[Task description] In the material below, find the line containing "Add two pieces" and the line containing "Hi everyone, welcome". Output those two lines and all lines between them exactly, without pictures.

[The records]
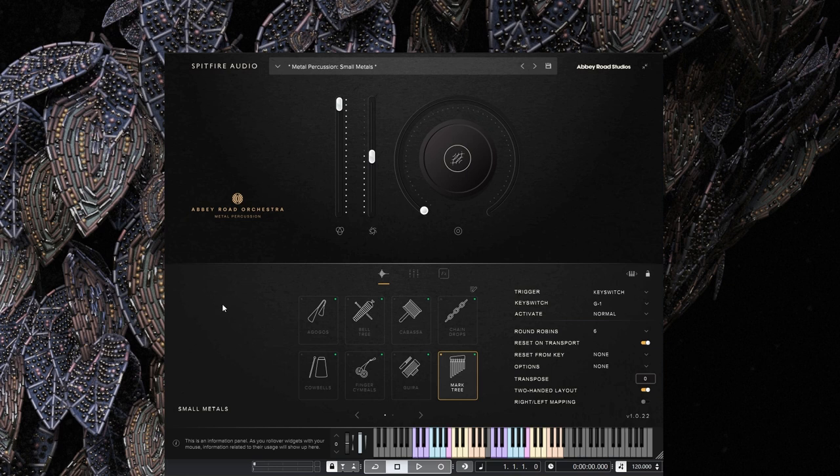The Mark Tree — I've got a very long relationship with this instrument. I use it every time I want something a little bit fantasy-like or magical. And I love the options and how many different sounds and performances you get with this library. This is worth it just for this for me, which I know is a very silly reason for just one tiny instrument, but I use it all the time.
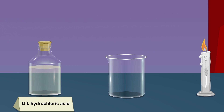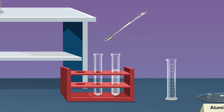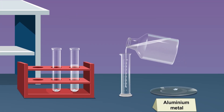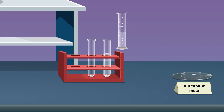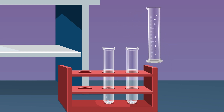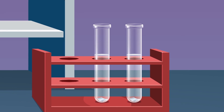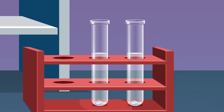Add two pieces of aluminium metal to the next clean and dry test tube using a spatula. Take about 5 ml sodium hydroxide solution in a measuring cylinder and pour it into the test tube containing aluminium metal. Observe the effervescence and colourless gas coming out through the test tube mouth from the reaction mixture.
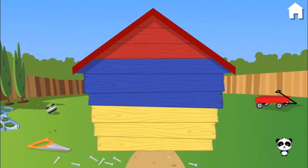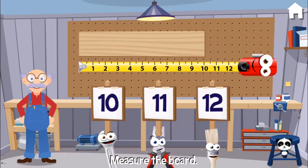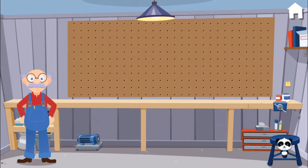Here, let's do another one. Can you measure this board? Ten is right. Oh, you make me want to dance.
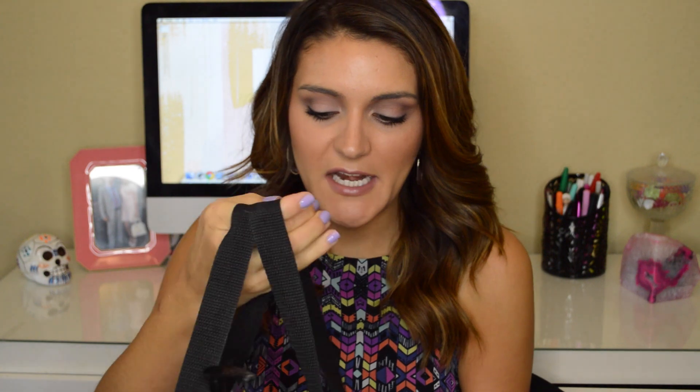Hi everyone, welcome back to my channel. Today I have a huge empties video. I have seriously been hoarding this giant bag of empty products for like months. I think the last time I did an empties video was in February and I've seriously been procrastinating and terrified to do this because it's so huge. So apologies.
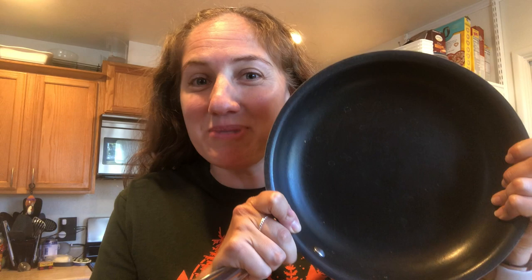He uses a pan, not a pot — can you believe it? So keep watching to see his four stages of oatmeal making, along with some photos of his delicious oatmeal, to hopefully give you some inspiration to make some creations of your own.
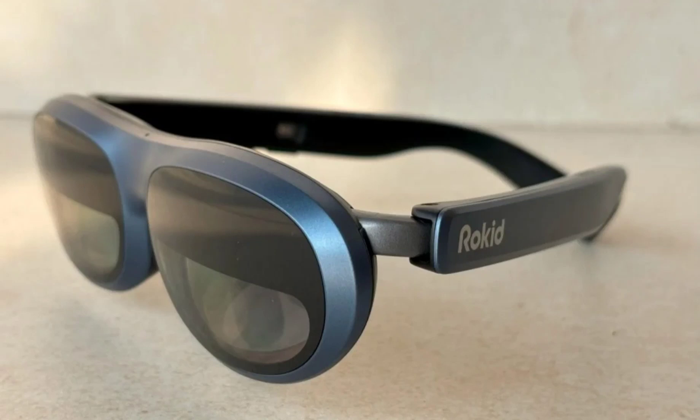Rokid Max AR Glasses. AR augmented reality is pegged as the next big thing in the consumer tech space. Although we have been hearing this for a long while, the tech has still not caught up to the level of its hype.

[Answer to this task]
Add two pieces of aluminium metal to the next clean and dry test tube using a spatula. Take about 5 ml sodium hydroxide solution in a measuring cylinder and pour it into the test tube containing aluminium metal. Observe the effervescence and colourless gas coming out through the test tube mouth from the reaction mixture.
Here, let's do another one. Can you measure this board? Ten is right. Oh, you make me want to dance.
Hi everyone, welcome back to my channel. Today I have a huge empties video. I have seriously been hoarding this giant bag of empty products for like months. I think the last time I did an empties video was in February and I've seriously been procrastinating and terrified to do this because it's so huge. So apologies.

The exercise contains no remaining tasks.